Rudy Lena M, Godlewski Michał M
Scientific Society of Veterinary Medicine Students, Warsaw University of Life Sciences-SGGW, Nowoursynowska 159, 02-776 Warsaw, Poland.
Department of Physiological Sciences, Warsaw University of Life Sciences-SGGW, Nowoursynowska 159, 02-776 Warsaw, Poland.
Int J Mol Sci. 2025 Jul 26;26(15):7233. doi: 10.3390/ijms26157233.

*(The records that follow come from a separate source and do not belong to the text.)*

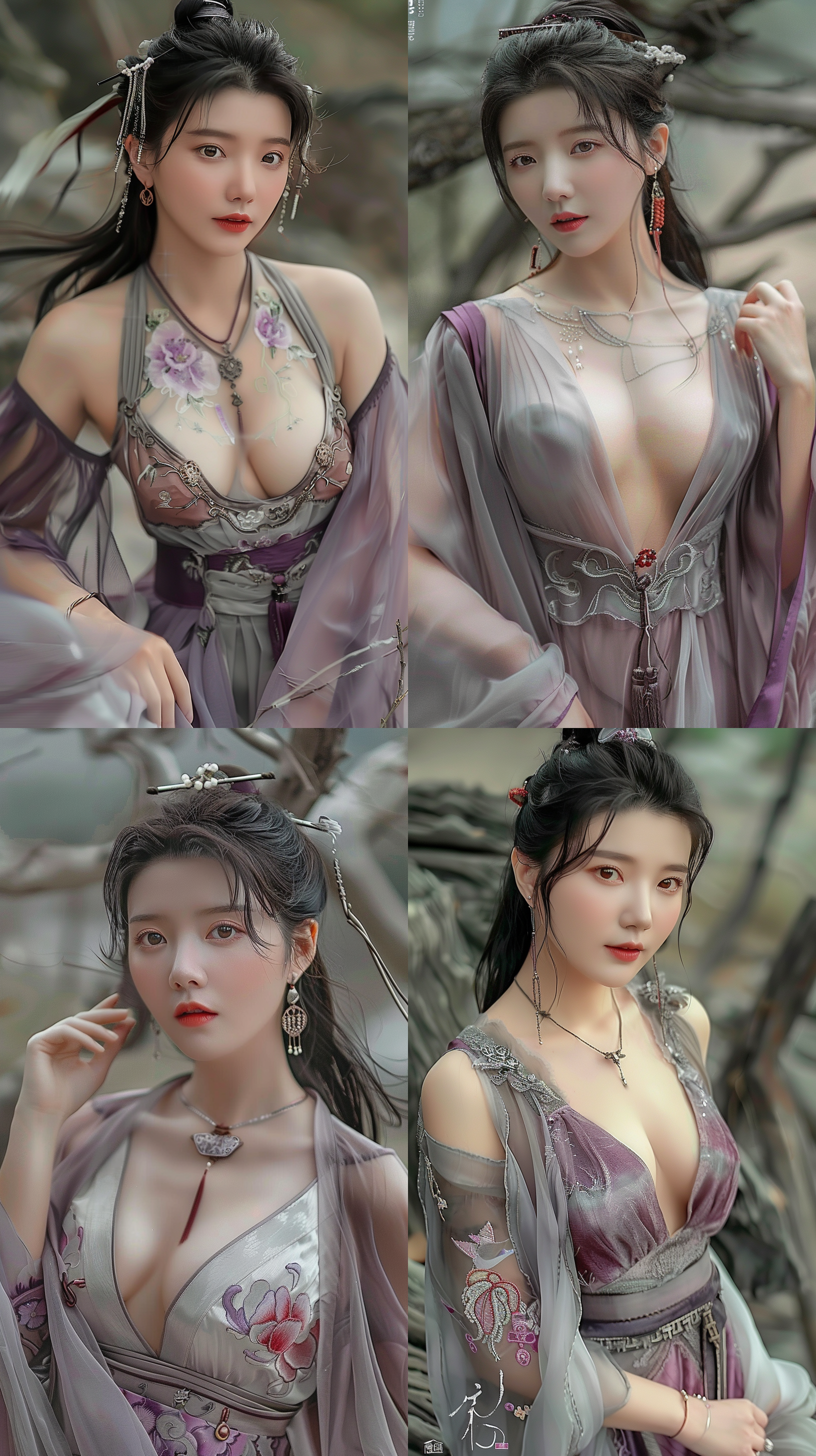 中国美女，身材丰满，白色深v礼服，写真风格，正面半身照，电影镜头。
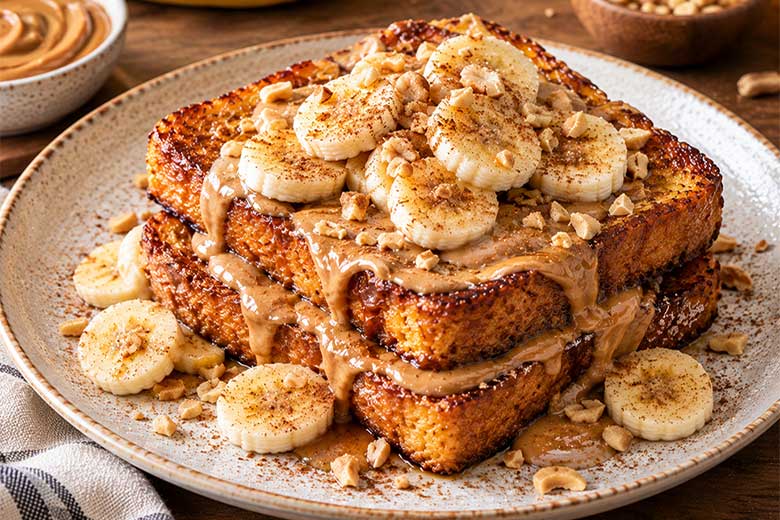 طرز تهیه فرنچ تست کره بادام‌زمینی و موز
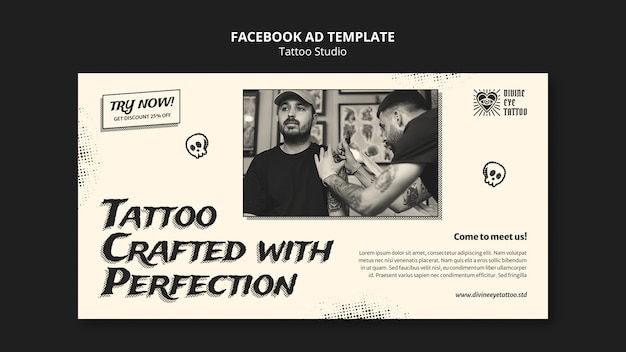 PSD gratuito modello facebook dello studio di tatuaggi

Sleep paralysis (SP), an REM parasomnia, can be characterized as one of the symptoms of narcolepsy. The SP phenomenon involves regaining meta-consciousness by the dreamer during REM, when the physiological atonia of skeletal muscles is accompanied by visual and auditory hallucinations that are perceived as vivid and distressing nightmares. Sensory impressions include personification of an unknown presence, strong chest pressure sensation, and intense fear resulting from subjective interaction with the unfolding nightmare. While the mechanism underlying skeletal muscle atonia is known, the physiology of hallucinations remains unclear. Their complex etiology involves interactions among various membrane receptor systems and neurotransmitters, which leads to altered neuronal functionality and disruptions in sensory perception. According to current knowledge, serotonergic activation of 5-hydroxytryptamine-receptor-2A (5-HT2A)-associated pathways plays a critical role in promoting hallucinogenesis during SP. Furthermore, they share similarities with psychedelic-substance-induced ones (i.e., LSD, psilocybin, and 2,5-dimethoxy-4-iodoamphetamine). These compounds also target the 5-HT2A receptor; however, their molecular mechanism varies from serotonin-induced ones. The current review discusses the intracellular signaling pathways responsible for promoting hallucinations in SP, highlighting the critical role of β-arrestin-2. We propose that the β-arrestin-2 signaling pathway does not directly induce hallucinations but creates a state of network susceptibility that facilitates their abrupt emergence in sensory areas. Understanding the molecular basis of serotonergic hallucinations and gaining better insight into 5-HT2A-receptor-dependent pathways may prove crucial in the treatment of multifactorial neuropsychiatric disorders associated with the dysfunctional activity of serotonin receptors.
睡眠瘫痪症(SP)是一种快速眼动(REM)期睡眠行为障碍,可被视为发作性睡病的症状之一。SP现象是指梦者在REM期恢复元意识,此时骨骼肌的生理性弛缓会伴有生动且令人痛苦的视觉和听觉幻觉,这些幻觉被视为噩梦。感觉印象包括未知存在的人格化、强烈的胸部压迫感以及与不断展开的噩梦进行主观互动所产生的强烈恐惧。虽然骨骼肌弛缓的潜在机制已为人所知,但幻觉的生理学原理仍不清楚。其复杂的病因涉及各种膜受体系统和神经递质之间的相互作用,这会导致神经元功能改变和感觉感知中断。根据目前的知识,5-羟色胺受体2A(5-HT2A)相关通路的血清素能激活在SP期间促进幻觉形成中起关键作用。此外,它们与致幻物质诱导的幻觉(如麦角酸二乙酰胺、裸盖菇素和2,5-二甲氧基-4-碘苯丙胺)有相似之处。这些化合物也靶向5-HT2A受体;然而,它们的分子机制与血清素诱导的机制不同。本综述讨论了在SP中促进幻觉形成的细胞内信号通路,强调了β-抑制蛋白2的关键作用。我们提出,β-抑制蛋白2信号通路不会直接诱发幻觉,而是创造一种网络易感性状态,促进幻觉在感觉区域突然出现。了解血清素能幻觉的分子基础并更好地洞察5-HT2A受体依赖性通路,可能对治疗与血清素受体功能失调相关的多因素神经精神疾病至关重要。